*Task to complete*
What you write should be an exact repeat of the lines from the one with "Op de afbeelding: Een" through the final line below, minus the pictures.
Data block Start Marker
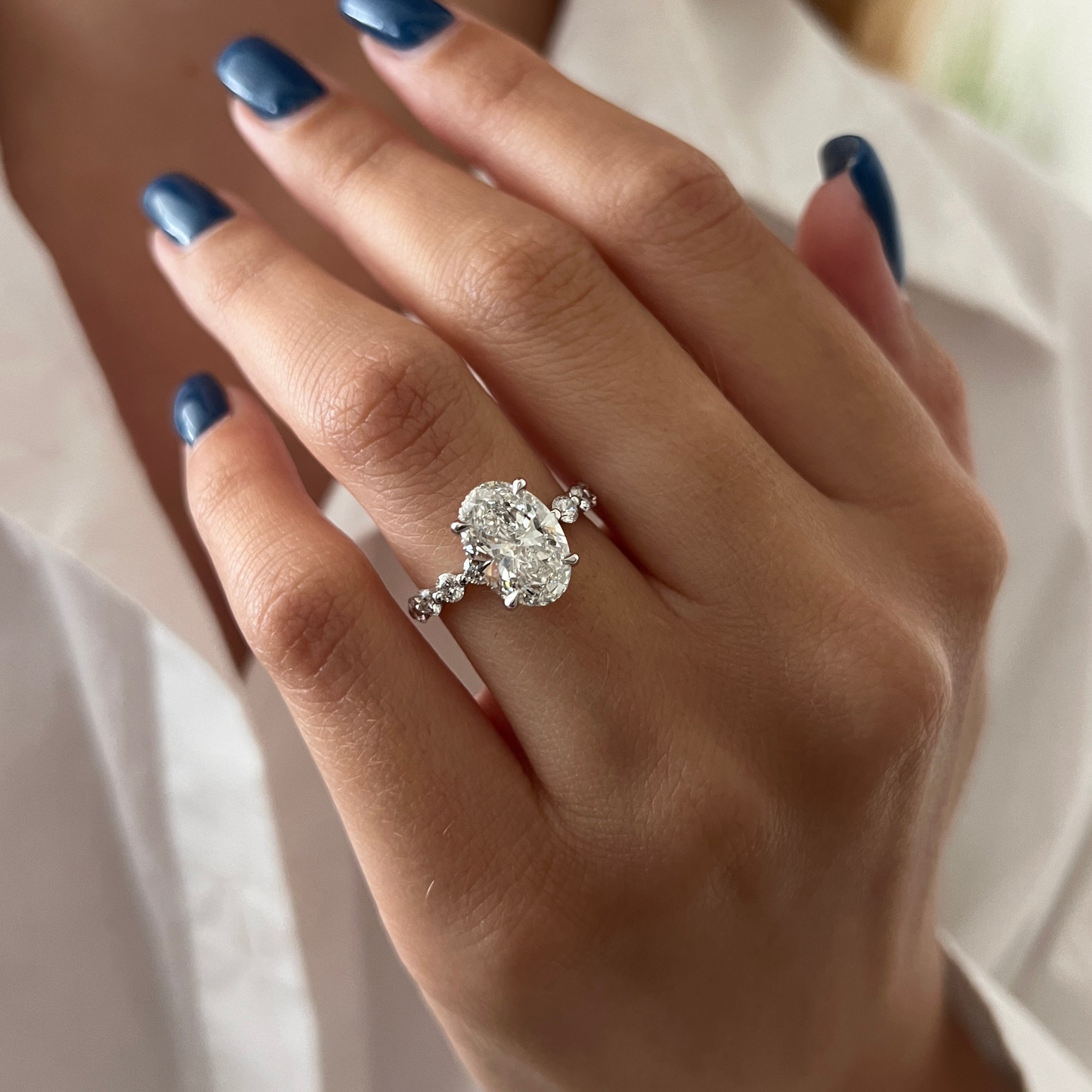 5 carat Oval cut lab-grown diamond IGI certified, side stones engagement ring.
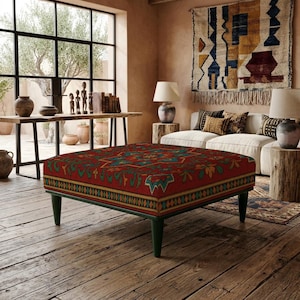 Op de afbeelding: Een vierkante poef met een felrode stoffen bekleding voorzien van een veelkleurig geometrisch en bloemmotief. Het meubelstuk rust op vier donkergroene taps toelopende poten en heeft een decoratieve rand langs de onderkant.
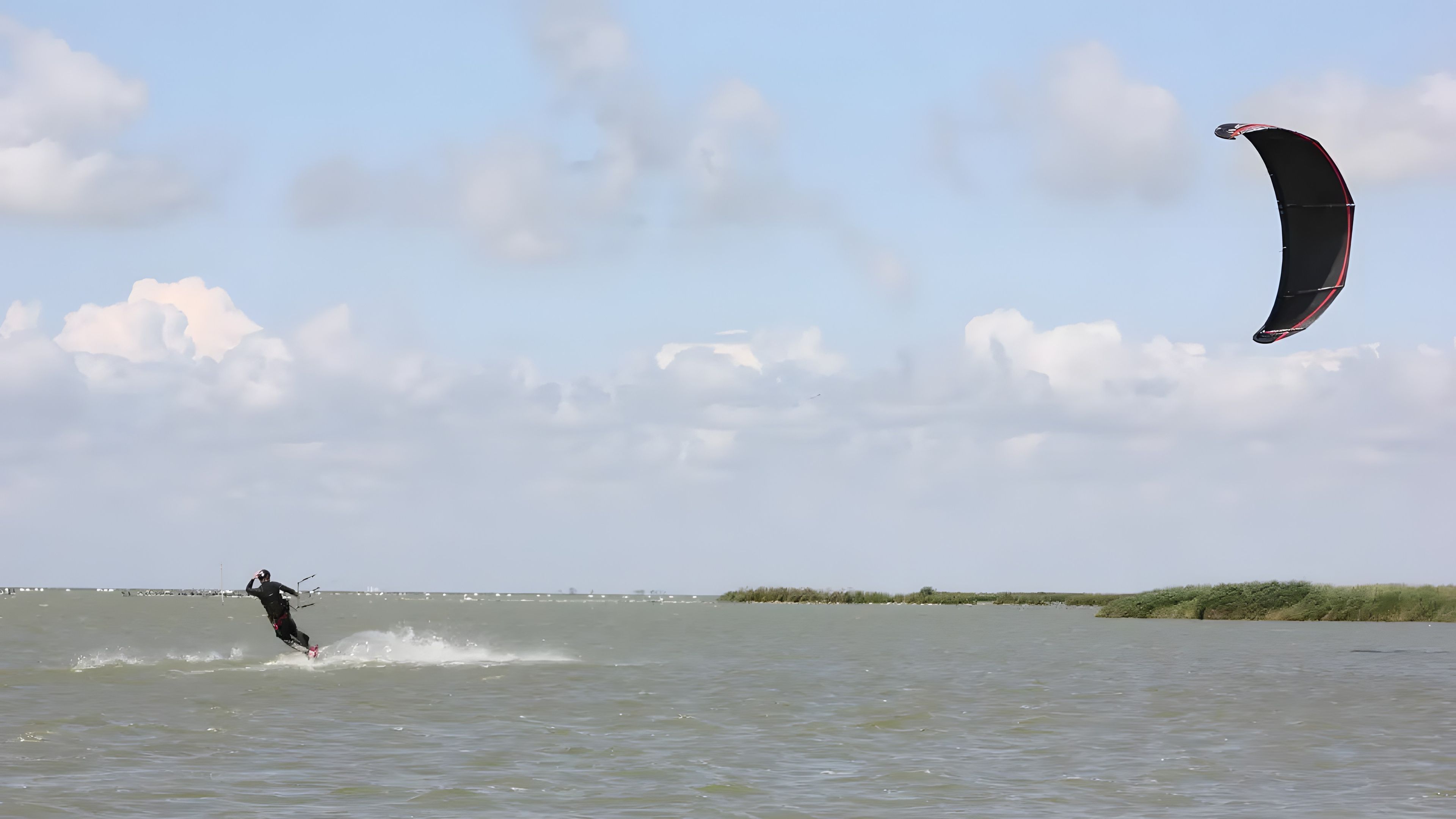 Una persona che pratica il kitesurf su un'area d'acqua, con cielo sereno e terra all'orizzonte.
Data block End Marker
*Problem solution*
 Op de afbeelding: Een vierkante poef met een felrode stoffen bekleding voorzien van een veelkleurig geometrisch en bloemmotief. Het meubelstuk rust op vier donkergroene taps toelopende poten en heeft een decoratieve rand langs de onderkant.
 Una persona che pratica il kitesurf su un'area d'acqua, con cielo sereno e terra all'orizzonte.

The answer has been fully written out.